### Try it
For this exercise, the lines from the one with "Makeup Bag,Quilted Cosmetic" through the end of the material below must be output exactly, without pictures.

### The data
::::::::::
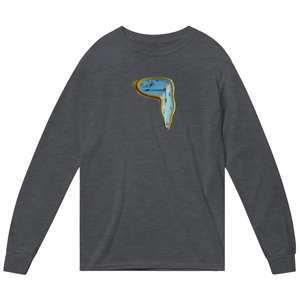Dali - Melting Watch Artwork Long Sleeve Shirt - Dark Heather / Small - Long Sleeve Shirt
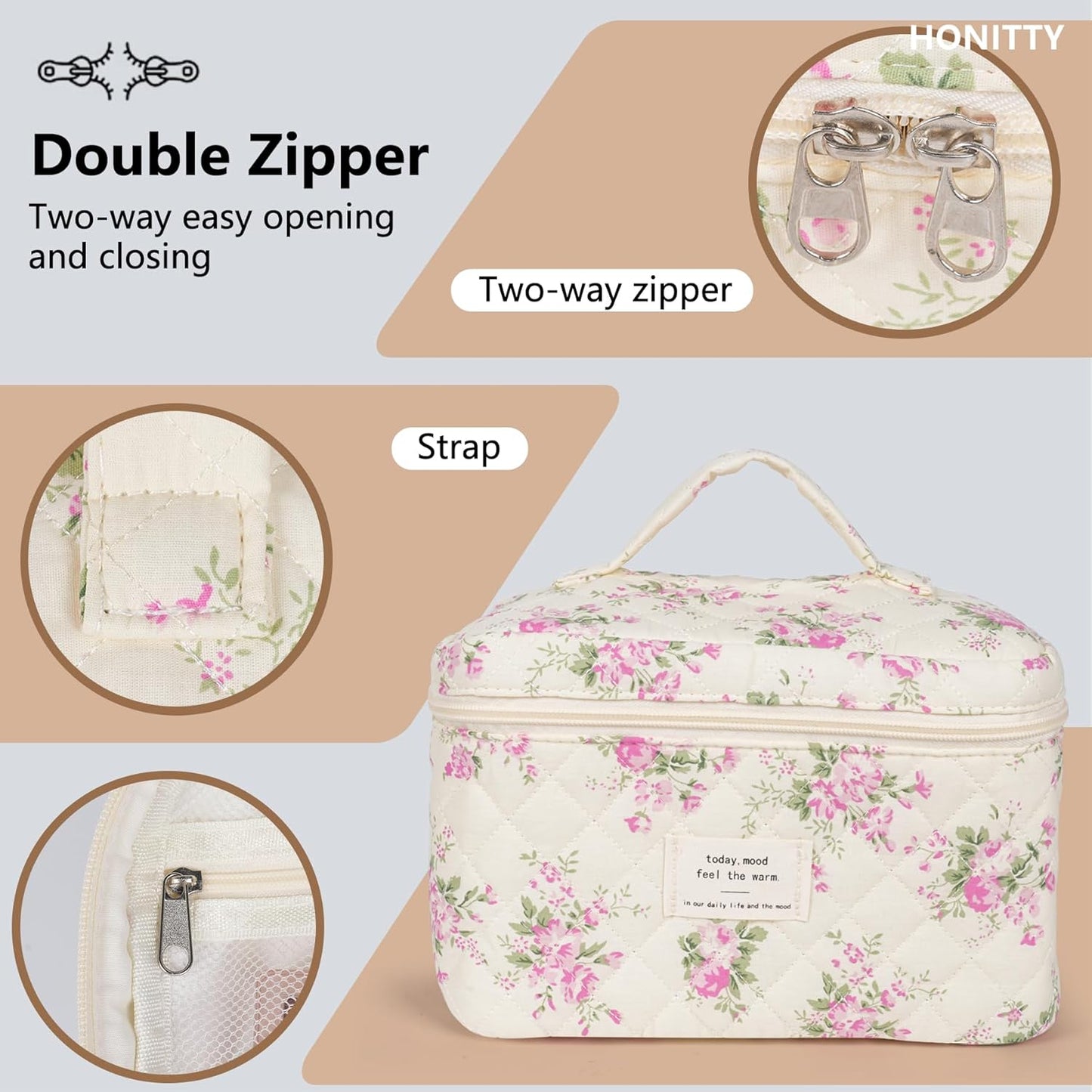 Makeup Bag,Quilted Cosmetic Bags,Large Floral Make Up Organize bag,Makeup Bag Set for Women,Flower Travel Toiletry Bag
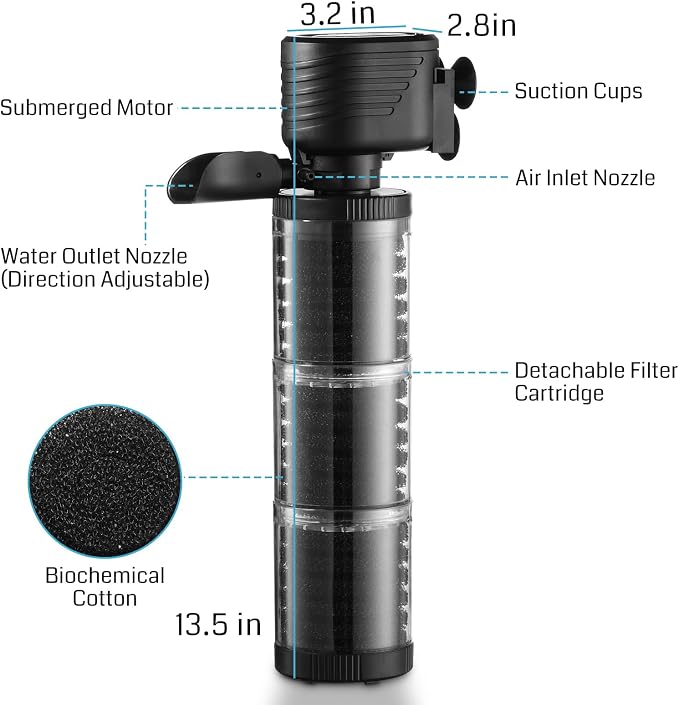 XpertMatic 3 Stages 475 GPH Aquarium Filter for Up to 120 Gallon Fish Tank | Submersible Internal Fish Tank Filter with Water Pump, Power Filter for Fish Tank, Pond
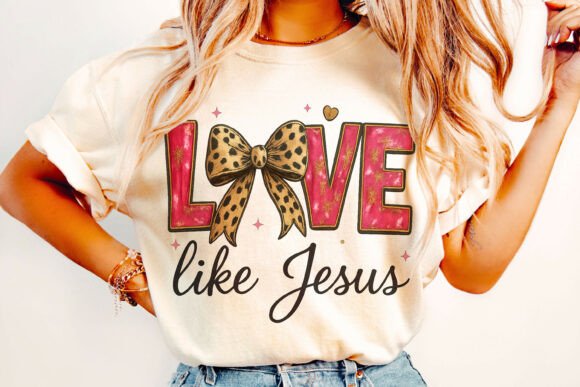 Love Like Jesus PNG + Leopard Bow PNG T-Shirt Designs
::::::::::
### Exercise output
 Makeup Bag,Quilted Cosmetic Bags,Large Floral Make Up Organize bag,Makeup Bag Set for Women,Flower Travel Toiletry Bag
 XpertMatic 3 Stages 475 GPH Aquarium Filter for Up to 120 Gallon Fish Tank | Submersible Internal Fish Tank Filter with Water Pump, Power Filter for Fish Tank, Pond
 Love Like Jesus PNG + Leopard Bow PNG T-Shirt Designs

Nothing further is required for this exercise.